I ask her if, as a devout Catholic, she ever thinks about how she goes to mass on Sundays, consumes the blood of Christ, then goes back to her job of being a blood doctor on Mondays

Up to this point she had refused to consider the possibility that the body and the machine had anything of substance in common. But her use of the word “mechanic” felt like a small victory. Maybe talking about blood like you would water in a hydraulic system pushes the smell of decay further away—but to me it signaled that we are more used to talking about the body as if it were a machine than we are willing to acknowledge. In theory, we’re religious about keeping these spheres—human and machine—separate. However, in practice, there’s more bleeding than we’re willing to admit.

Developments in generative AI have accelerated the production of digital images, texts, and other forms of art–activities we consider exclusively human–and it’s making us very anxious. We are telling ourselves a story of technological advancement in which the machine penetrates into the most human of activities. Some say it’s enhancement while others argue it’s contamination. In either case, it raises questions about where we humans stand and what new meaning it can give our very human cultural outputs.
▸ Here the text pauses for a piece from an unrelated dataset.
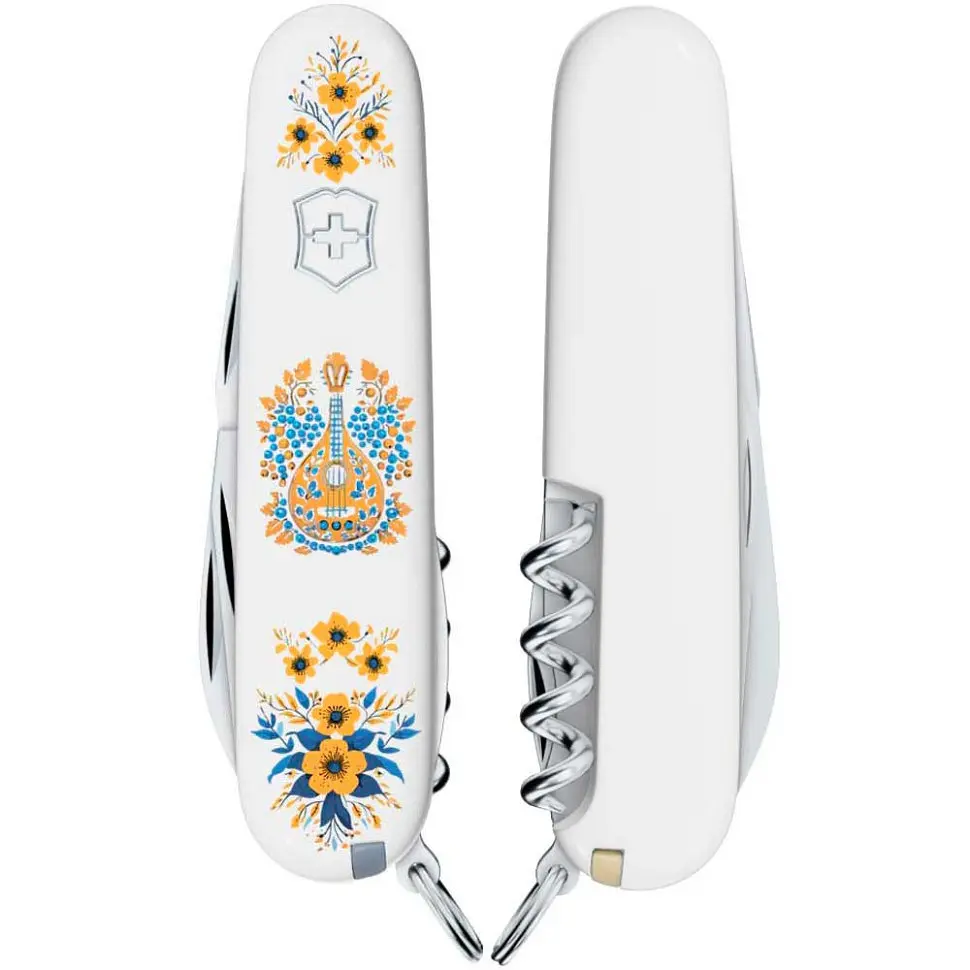 Ніж Victorinox Spartan Ukraine 91мм 12функ біл Українські мотиви - фото 2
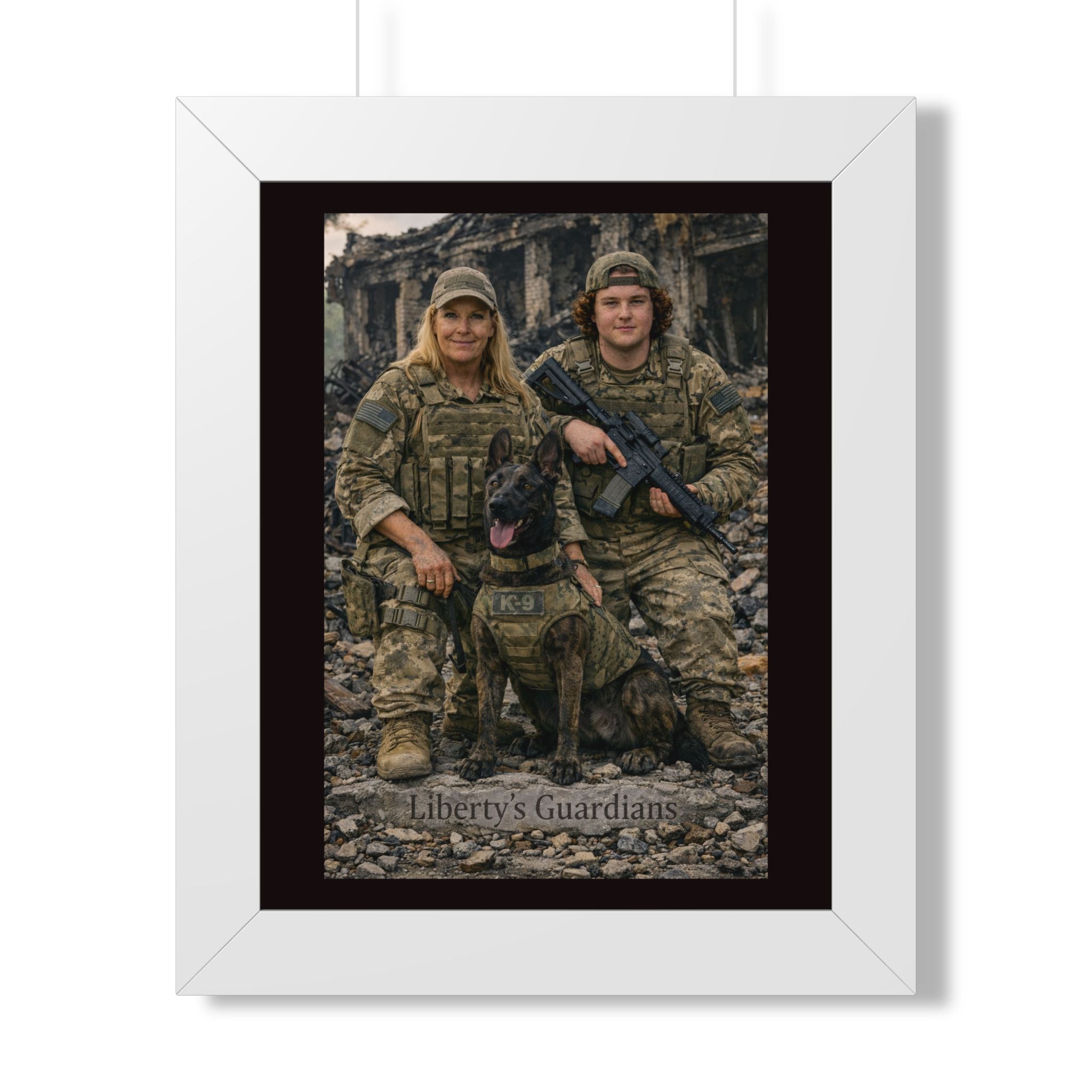 Framed Poster — "Liberty's Guardians" Military Photo Print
I previously wrote about how humans react to AI with disgust–reading it as off, not right, and unnatural—thereby limiting its intrusion into art and culture. We can recoil from the sickening facsimiles of human things–be they our faces, bodies, or art. We can fall into the Valley of the Uncanny, where the robotic or artificially-intelligent comes across as eerie and unsettling. However, we can always develop a taste for them and slowly train our natural instincts to reformulate their responses to the unknown.

But our deep concerns don’t just have to do with metabolizing AI, they also concern the “bleed” of software into culture, areas where the human hand and mind have always been the dominant mode. This desire to “staunch” the bleed has less to do with the inherent qualities of AI culture and more to do with our fragile ability to draw firm boundaries between AI and human cultures.